結果、「Nebula(ネビュラ)」というプロジェクターブランドが生まれ、「スマートプロジェクター」というカテゴリーを新規開拓することに成功しました。
──市場によって、見極めが必要なんですね。
猿渡:どのように分析するのかは『1位思考』にも書きましたが、絶対的な正解がないため難しい部分です。
そのためアンカーグループでは、充電器やバッテリーなどのコア事業でキャッシュを確保しつつ、ロボット掃除機やスマートプロジェクターなどの新規事業に挑戦する、という戦略を取ってきました。

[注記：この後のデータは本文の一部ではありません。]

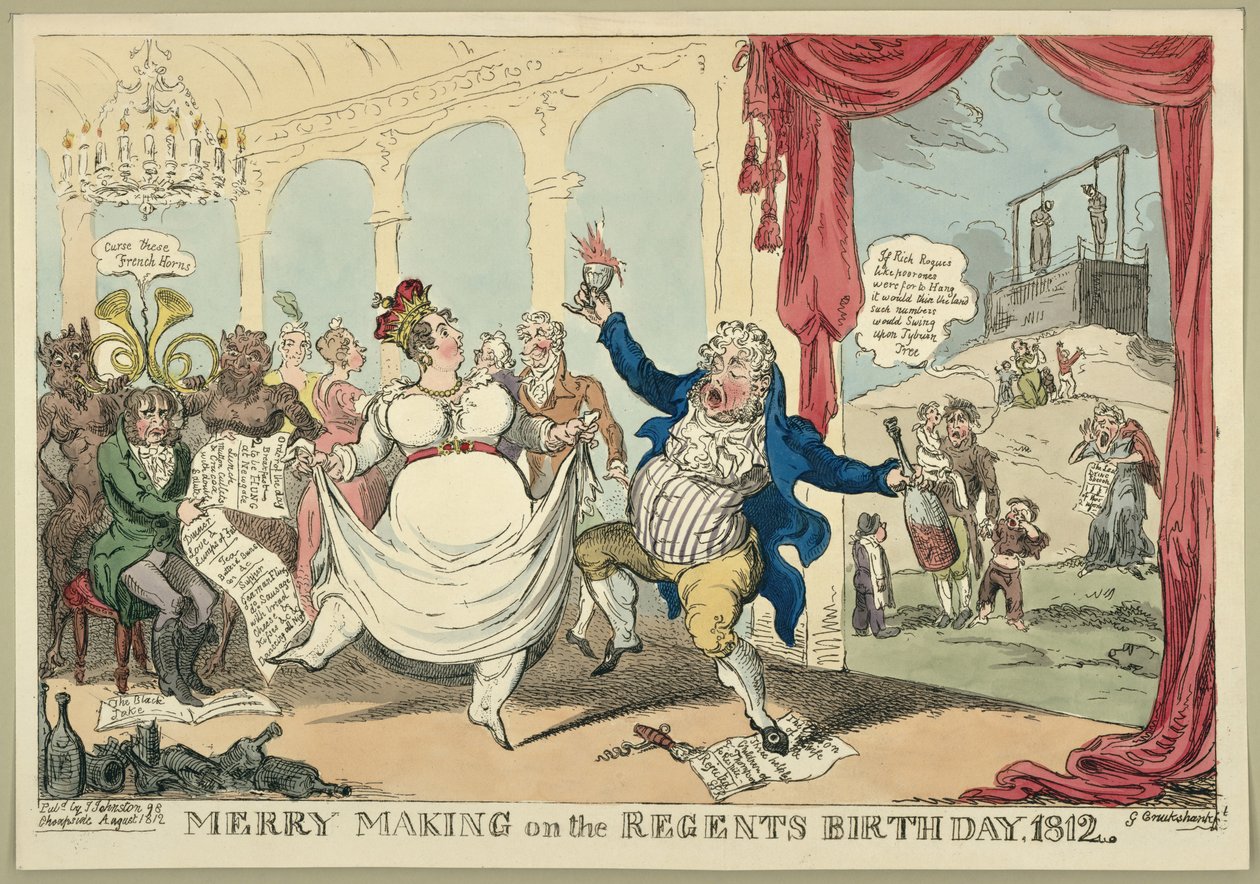 Glad födelse på regenternas födelsedag, 1812, 1812 av George Cruikshank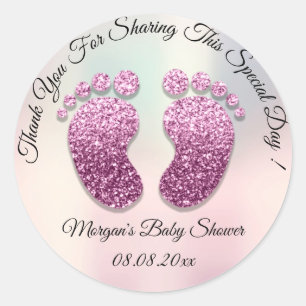 Ombre Glitter Feet Baby shower Favor Dank u Ronde Sticker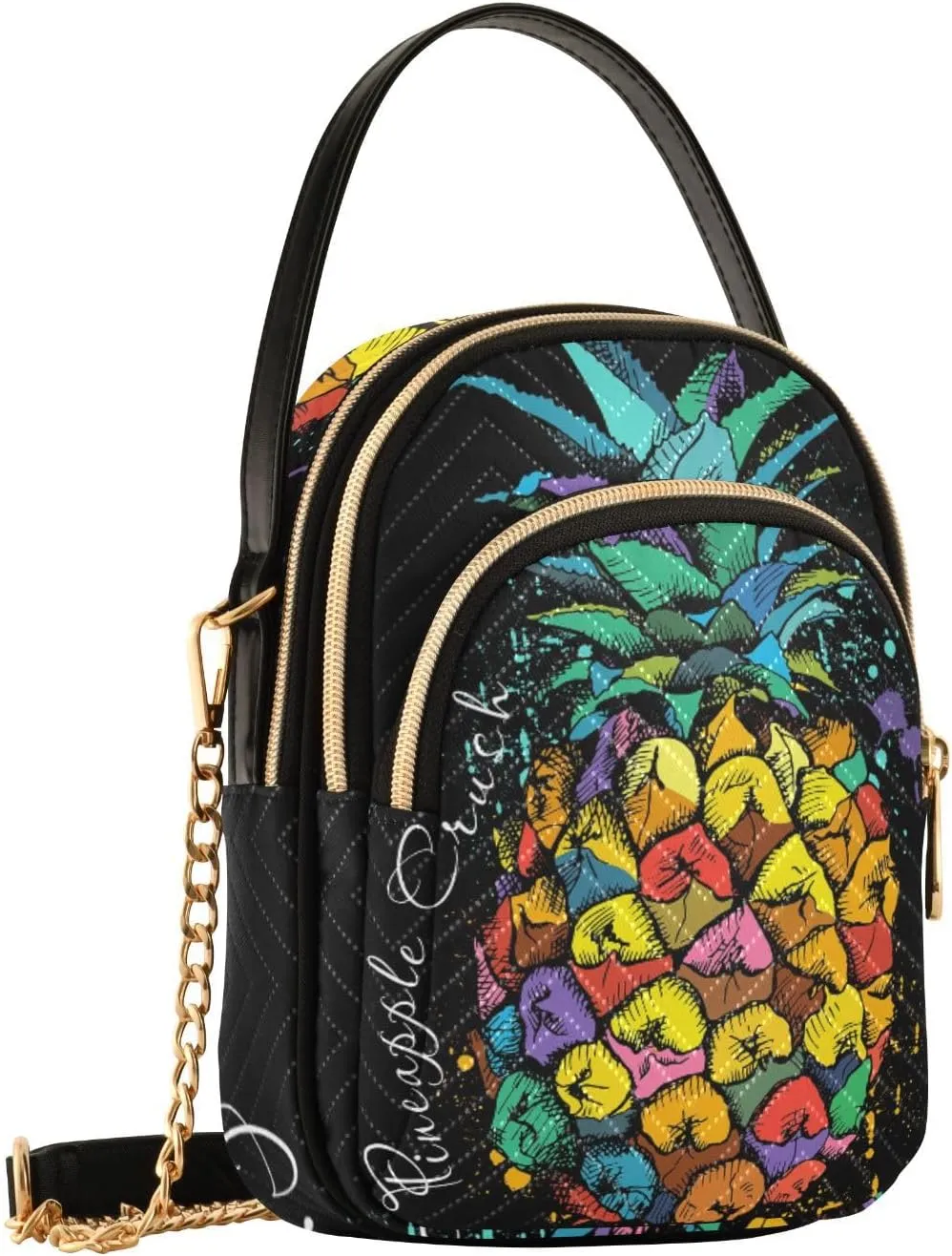 Women's Wave Cross Body Chest Bag, 52 inch Gold Chain Shoulder Handbag Purse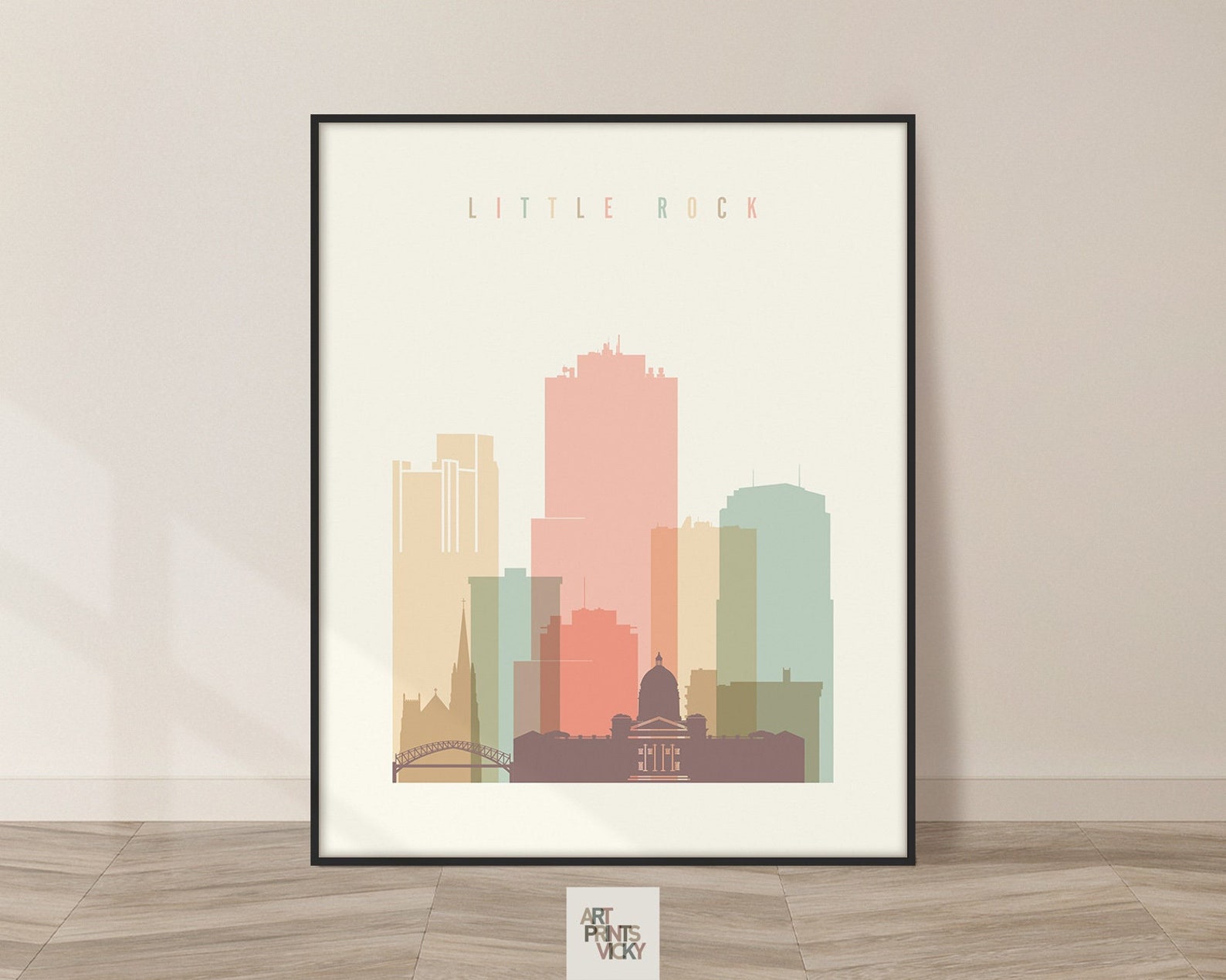 Little Rock Print Wall Art Little Rock Skyline Poster Etsy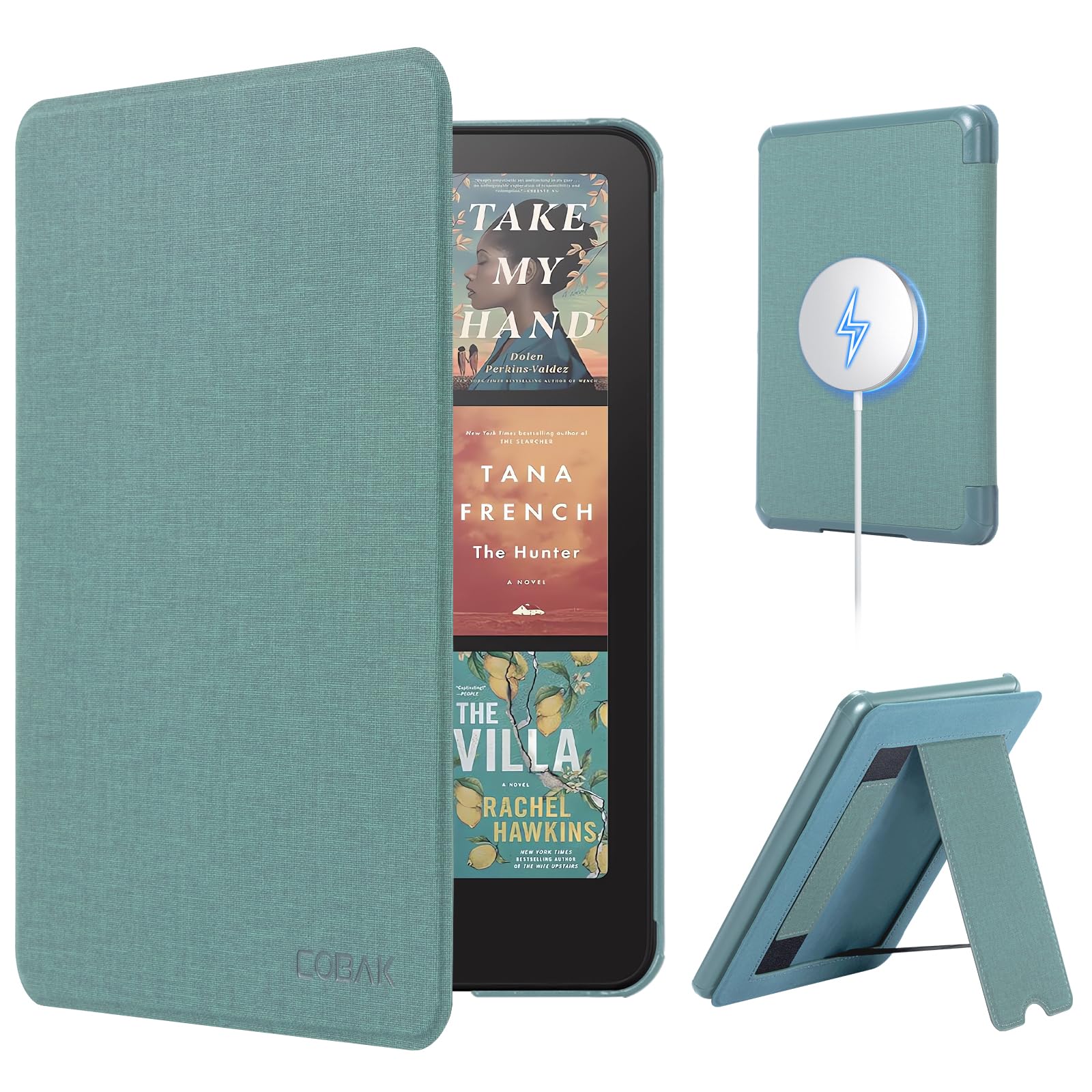 CoBak Lightweight Stand Case for 7" Kindle Paperwhite 12th Gen 2024 and Kindle Colorsoft with Right Hand Strap - Compatible with iPhone MagSafe, for Samsung/Belkin/Anker Wireless Charging Pads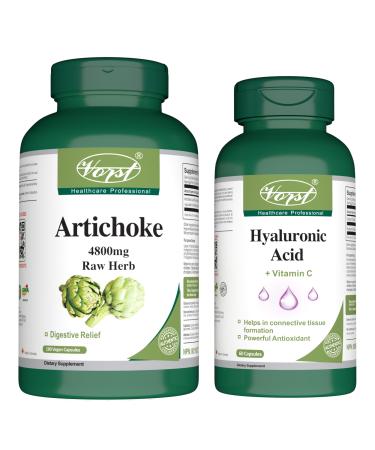 VORST Artichoke 180 Vegan Capsules and Hyaluronic Acid with Vitamin C 60 Capsules (Combo Bundle 2 Bottles)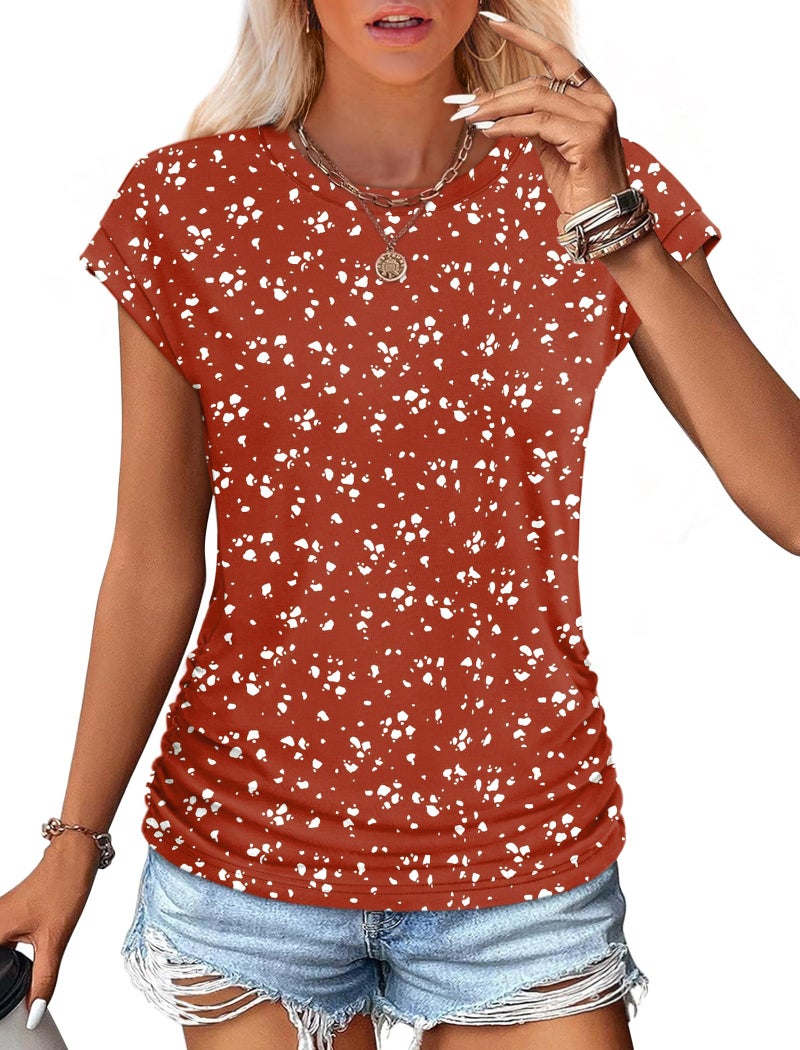 SAMPEEL Blouses for Women Dressy Summer Shirts Short Sleeve Tops Business Casual Outfits Vacation 2026 Red M - Image 2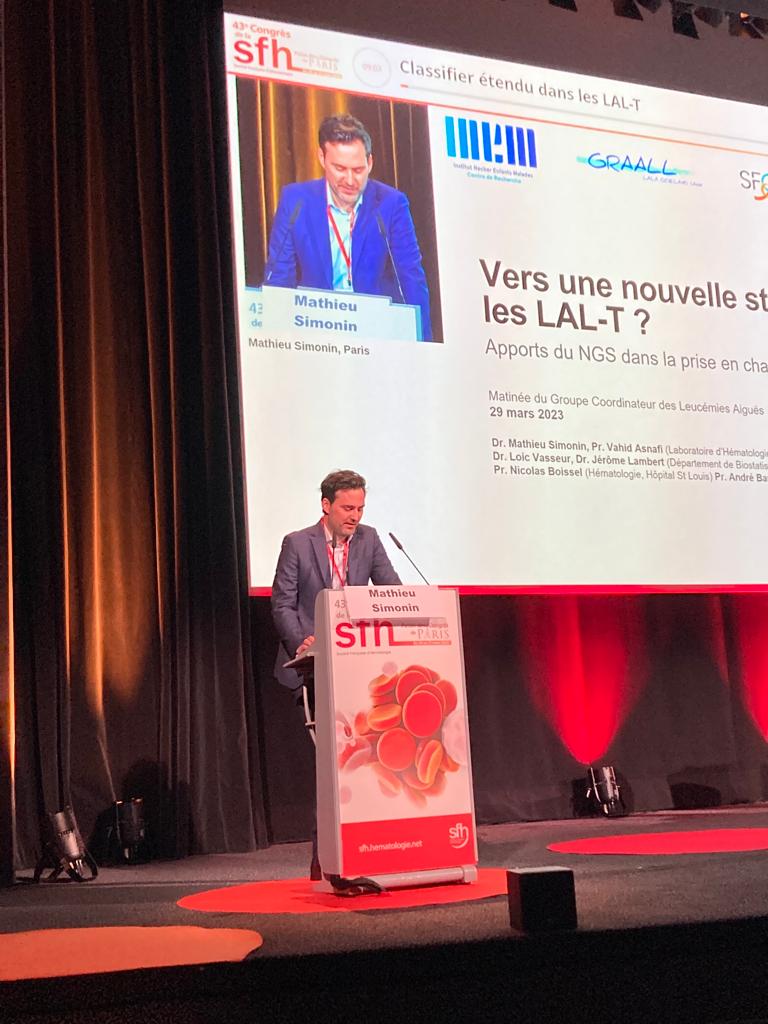 ActionLeucemies's tweet photo. 43ème #congrès #SFH, L'ancien lauréat de la bourse de Recherche Action Leucémies, Mathieu Simonin est intervenu dans le cadre des séances des Groupes Coopérateurs. Sa prise de parole portait sur "Classifier étendu dans les leucémies aiguës lymphoblastiques T (LAL-T)". https://t.co/5W6wAgy1rc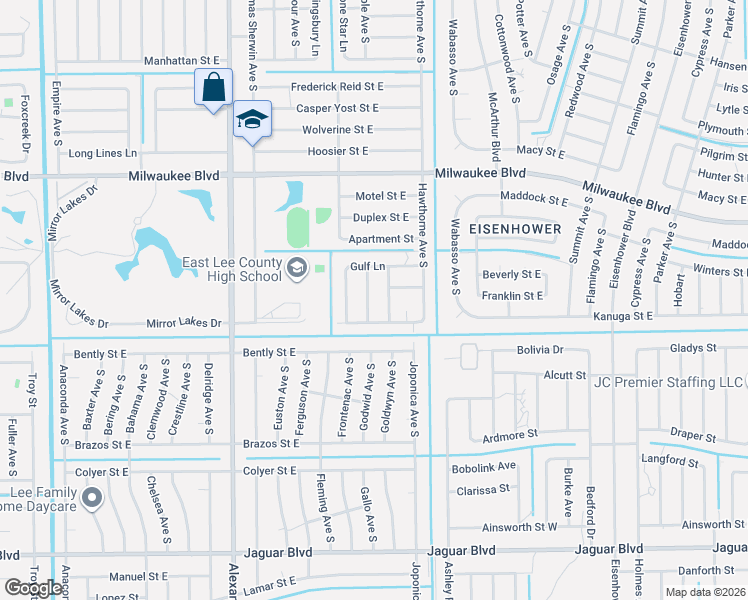 map of restaurants, bars, coffee shops, grocery stores, and more near 647 Crossarm Drive in Lehigh Acres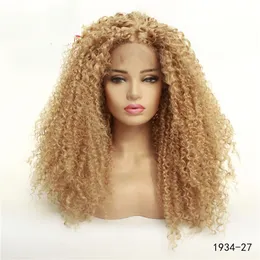 Afro Kinky Curly Curly Lacefront Wig Simulação Marrom Cabelo Humano Perucas Frontais 14 ~ 26 polegadas Fibras de Alta Temperatura Peluca 1934-27
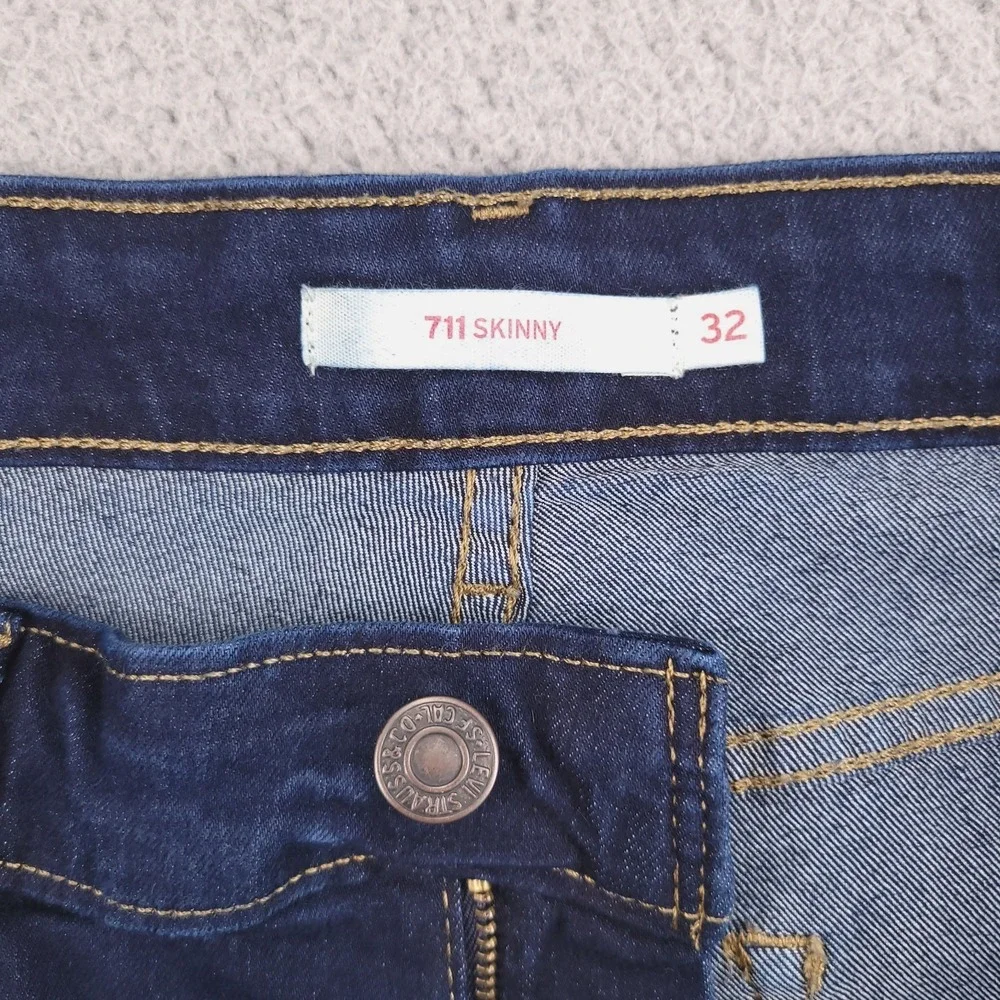 LEVIS 711 Jeans Size 32 Skinny Mid Rise Dark Wash Stretch Denim 32x29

新規事業を次々に立ち上げ、ホームランか三振かの勝負を続けるのはリスクが大きい。
一方、ヒットだけをコツコツ打っていても成長は遅くなってしまいます。
ヒットを積み重ねて売上や利益を上げつつ、ホームランを狙う。
企業が将来にわたって事業を継続するには、このような「負けないゲーム」をすべきだと思っています。
「ブルーオーシャン戦略」の盲点
──アンカー・ジャパンは、2013年1月に事業を開始し、初年度は売上約9億円だったところ、8年後の2021年には売上300億円を突破しています。
スタートアップ企業としてすさまじい成長速度ですが、レッドオーシャン市場にあえて挑戦したのはなぜなのでしょうか?
猿渡:スタートアップには「ブルーオーシャン戦略」が必要とよくいわれますが、ブルーオーシャンだと思って参入したら実際には「ノーオーシャン」だったというケースは非常に多いです。
競争相手が多いからと誰もいない海に船を出してしまった結果、何も魚が釣れないとなると、大きな痛手を負ってしまいます。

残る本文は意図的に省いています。